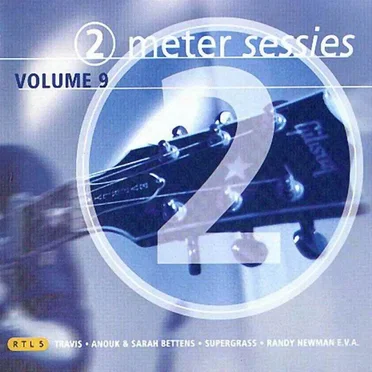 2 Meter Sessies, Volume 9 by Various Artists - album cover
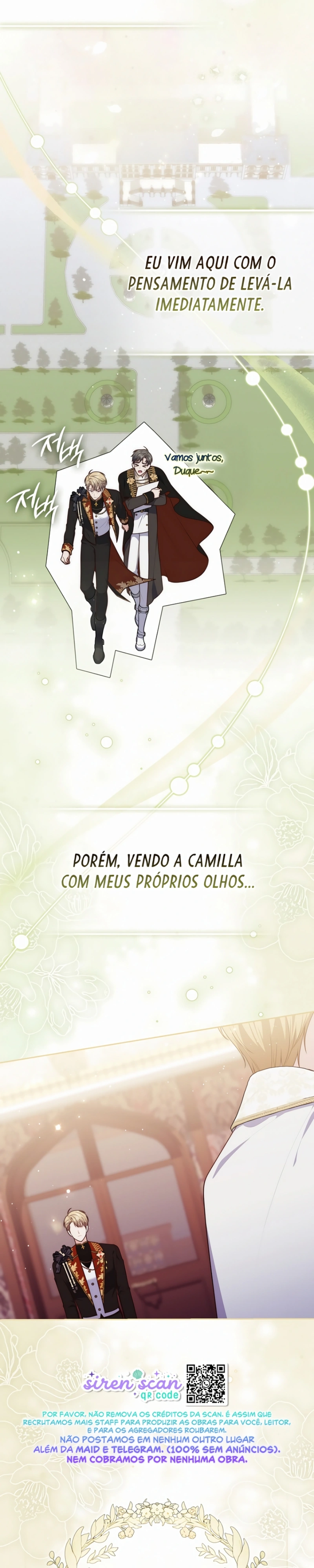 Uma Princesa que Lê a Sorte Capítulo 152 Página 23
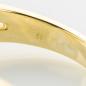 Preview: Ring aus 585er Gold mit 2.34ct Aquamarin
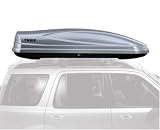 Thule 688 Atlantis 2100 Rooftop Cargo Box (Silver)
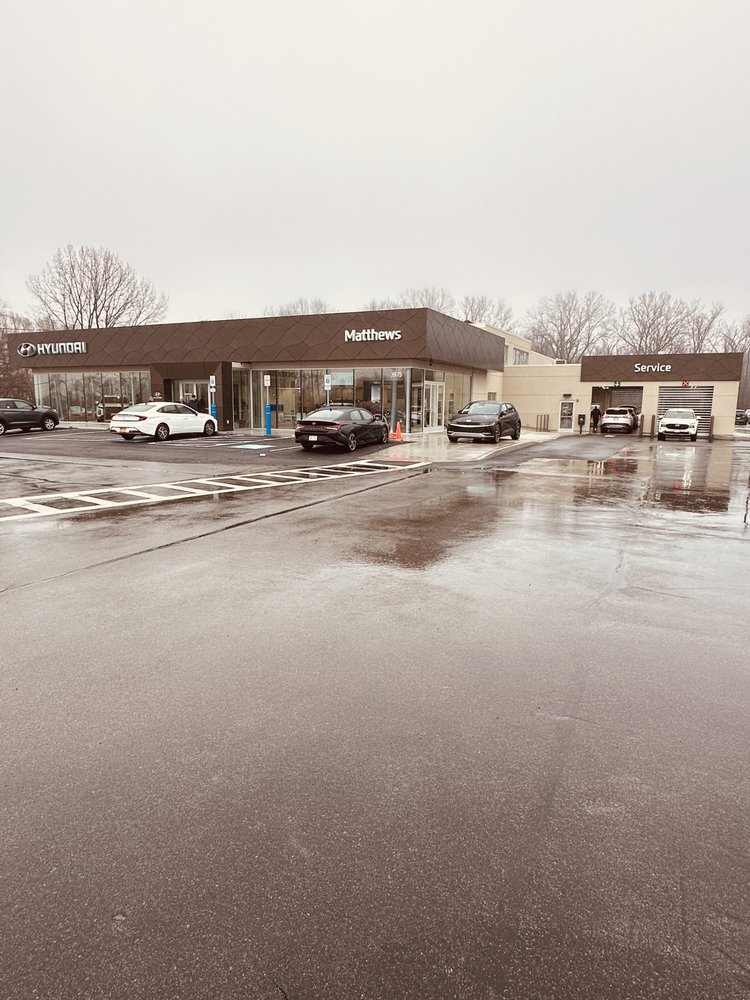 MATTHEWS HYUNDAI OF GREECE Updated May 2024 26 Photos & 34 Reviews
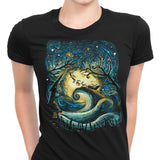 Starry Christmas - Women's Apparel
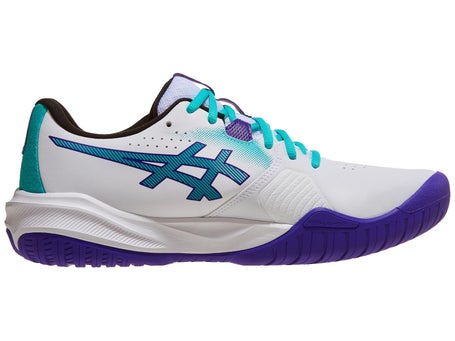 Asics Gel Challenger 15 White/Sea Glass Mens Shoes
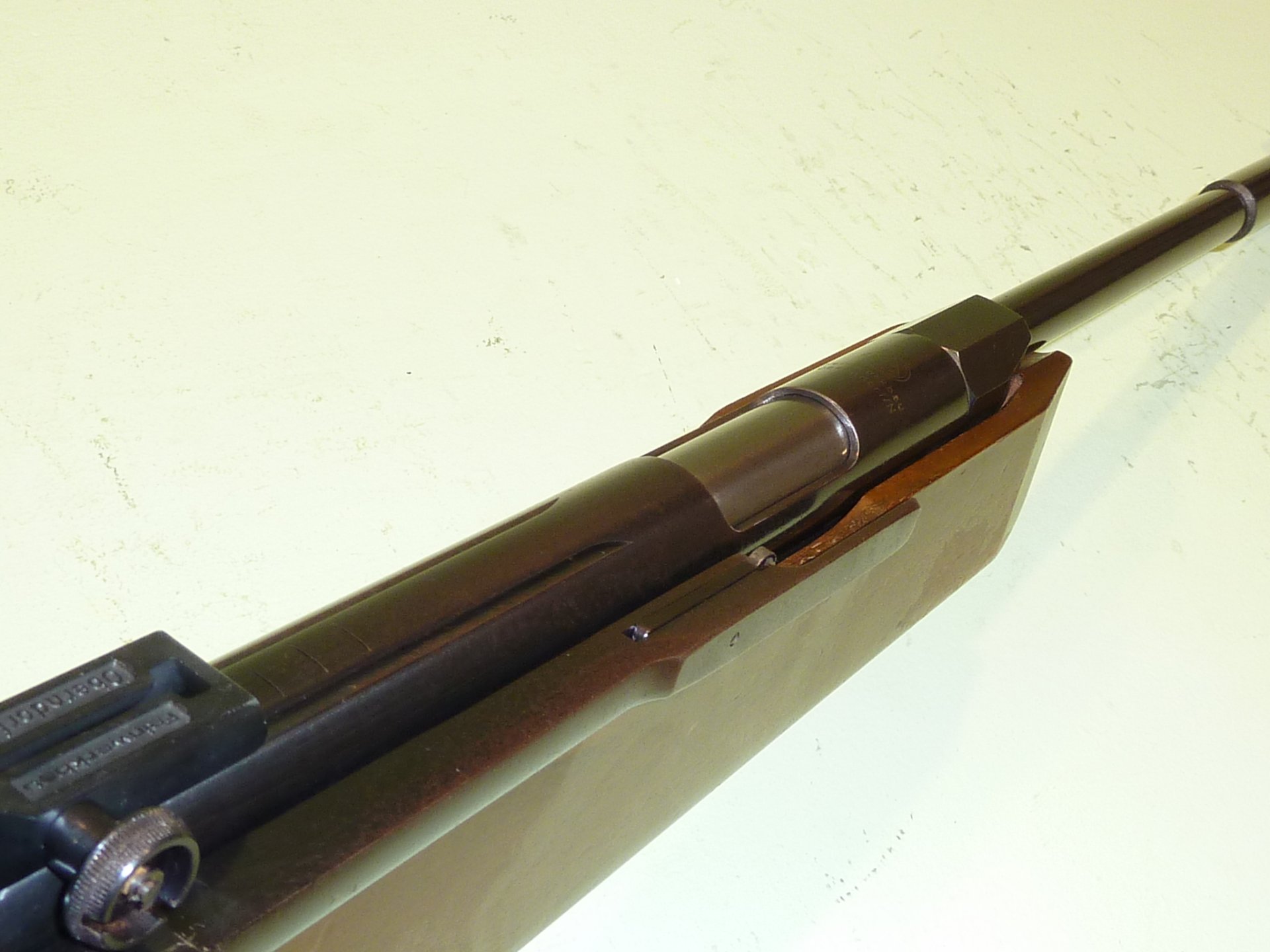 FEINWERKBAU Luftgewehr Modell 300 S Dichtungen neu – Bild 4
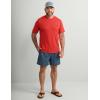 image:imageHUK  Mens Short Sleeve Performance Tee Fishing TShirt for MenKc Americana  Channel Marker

--

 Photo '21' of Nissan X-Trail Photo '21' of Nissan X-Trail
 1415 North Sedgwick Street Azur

--

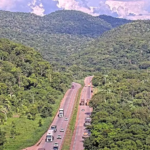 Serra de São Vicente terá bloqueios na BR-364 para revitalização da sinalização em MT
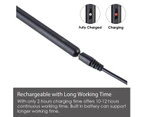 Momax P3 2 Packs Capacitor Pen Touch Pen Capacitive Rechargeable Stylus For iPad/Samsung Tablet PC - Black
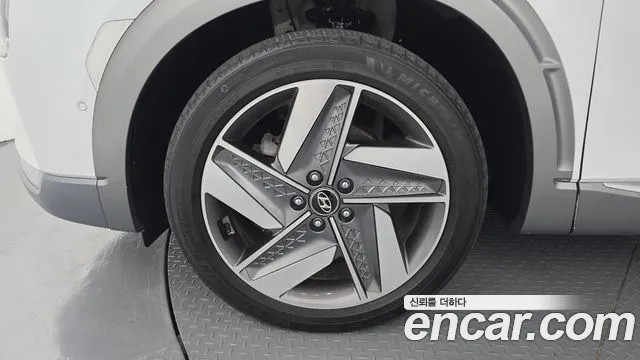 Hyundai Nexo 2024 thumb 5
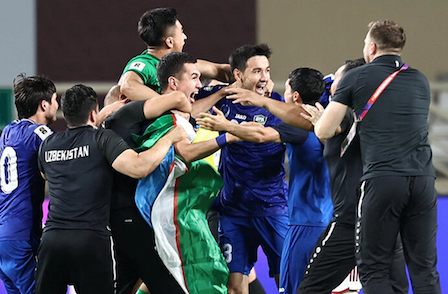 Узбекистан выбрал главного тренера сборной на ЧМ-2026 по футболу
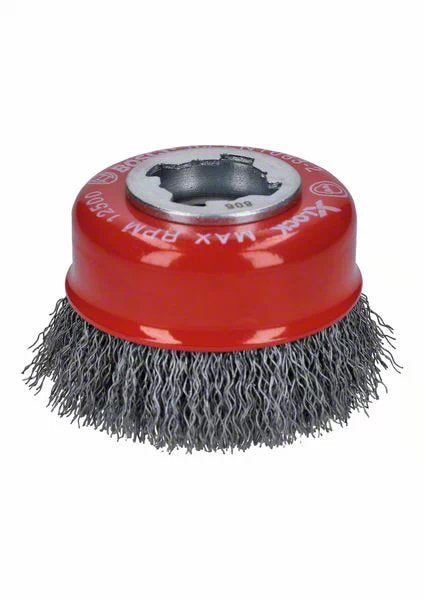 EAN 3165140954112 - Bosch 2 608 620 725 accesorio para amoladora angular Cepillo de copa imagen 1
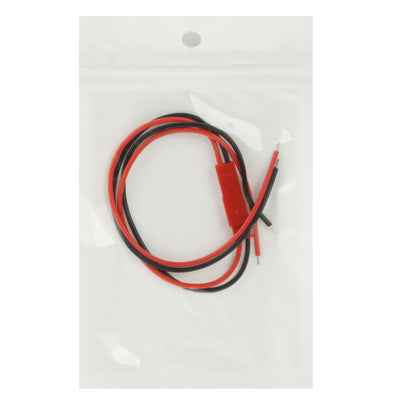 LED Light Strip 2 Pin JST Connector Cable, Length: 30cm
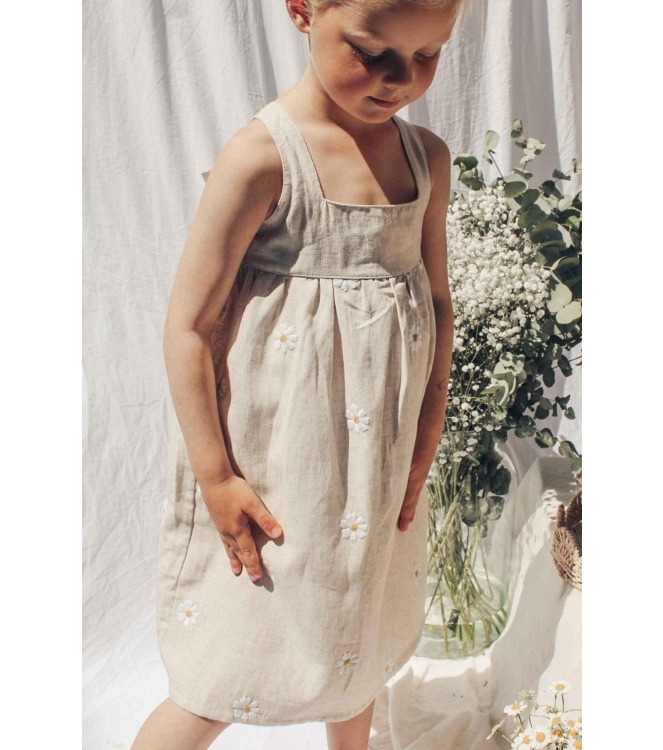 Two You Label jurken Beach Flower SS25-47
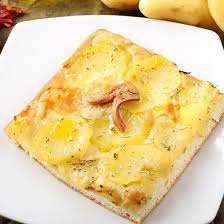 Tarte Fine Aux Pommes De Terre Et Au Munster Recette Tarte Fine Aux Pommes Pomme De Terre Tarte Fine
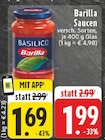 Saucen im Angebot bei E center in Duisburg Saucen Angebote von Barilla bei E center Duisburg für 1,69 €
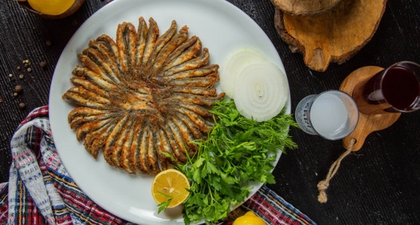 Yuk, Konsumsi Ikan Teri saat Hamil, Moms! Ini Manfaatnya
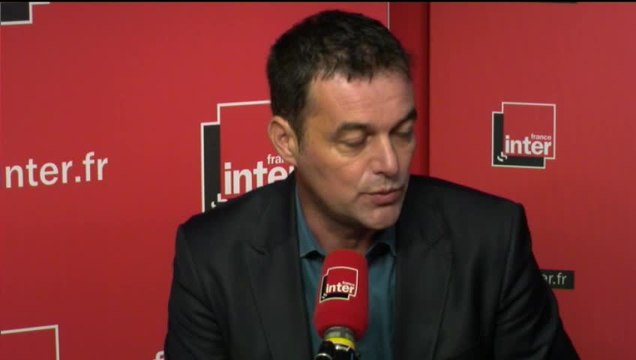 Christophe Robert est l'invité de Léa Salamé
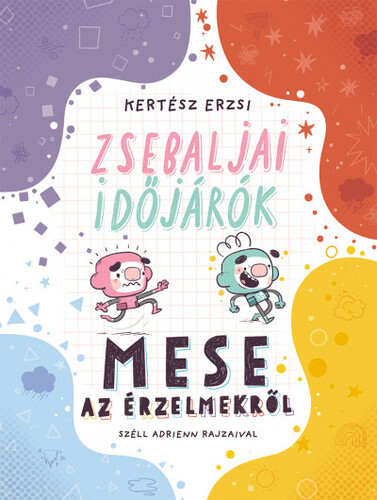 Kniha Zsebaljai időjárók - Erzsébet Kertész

What the task asks - Would you copy the lines above exactly, starting with the one that has "2 Meter Sessies, Volume" and ending with the one that has "Mens Short Sleeve", both included, without the pictures?

Result of this exercise -
 2 Meter Sessies, Volume 9 by Various Artists - album cover
 Uma Princesa que Lê a Sorte Capítulo 152 Página 23
 Preview: Ring aus 585er Gold mit 2.34ct Aquamarin
 Thule 688 Atlantis 2100 Rooftop Cargo Box (Silver)
 MATTHEWS HYUNDAI OF GREECE Updated May 2024 26 Photos & 34 Reviews
 Starry Christmas - Women's Apparel
 Asics Gel Challenger 15 White/Sea Glass Mens Shoes
 FEINWERKBAU Luftgewehr Modell 300 S Dichtungen neu – Bild 4
 image:imageHUK  Mens Short Sleeve Performance Tee Fishing TShirt for MenKc Americana  Channel Marker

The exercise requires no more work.